* What is expected *
Give back an exact copy of the listing that follows, without the pictures.

* Supplied data *
================================

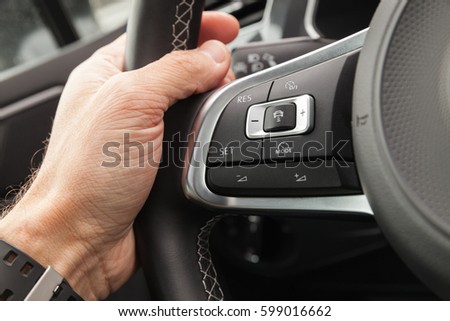 Adaptive cruise control panel buttons on modern car steering wheel, interior details with driver hand Royalty-Free Stock Photo #599016662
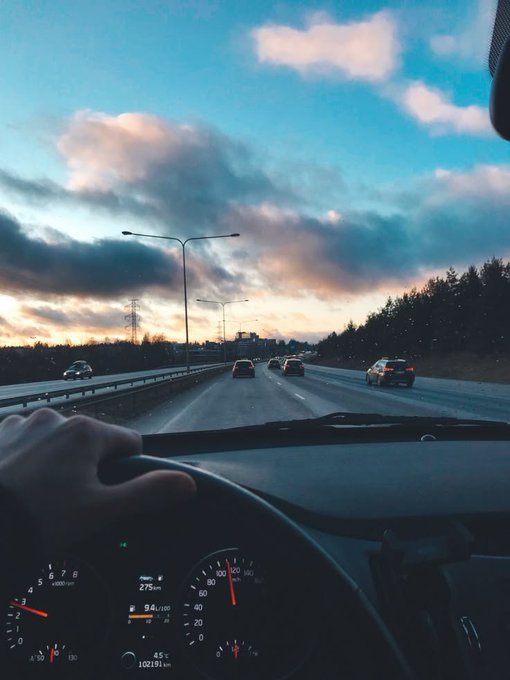 A scenic view from inside a car driving on a highway during sunset, with the dashboard showing 275km traveled and the time at 6:12 AM.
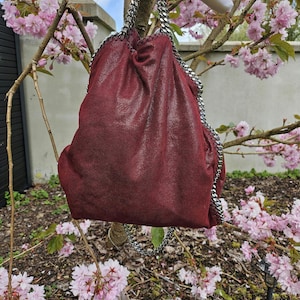 May include: A deep red shoulder bag with a silver chain strap. The bag is made of a textured material and is suspended from a tree branch with pink blossom. The bag has a drawstring closure.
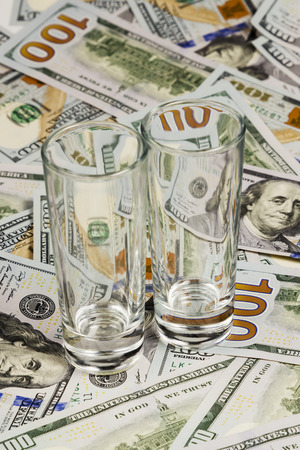 Two empty glasses stand next to each other on dollar billsの写真素材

================================

* Your response *
 Adaptive cruise control panel buttons on modern car steering wheel, interior details with driver hand Royalty-Free Stock Photo #599016662
 A scenic view from inside a car driving on a highway during sunset, with the dashboard showing 275km traveled and the time at 6:12 AM.
 May include: A deep red shoulder bag with a silver chain strap. The bag is made of a textured material and is suspended from a tree branch with pink blossom. The bag has a drawstring closure.
 Two empty glasses stand next to each other on dollar billsの写真素材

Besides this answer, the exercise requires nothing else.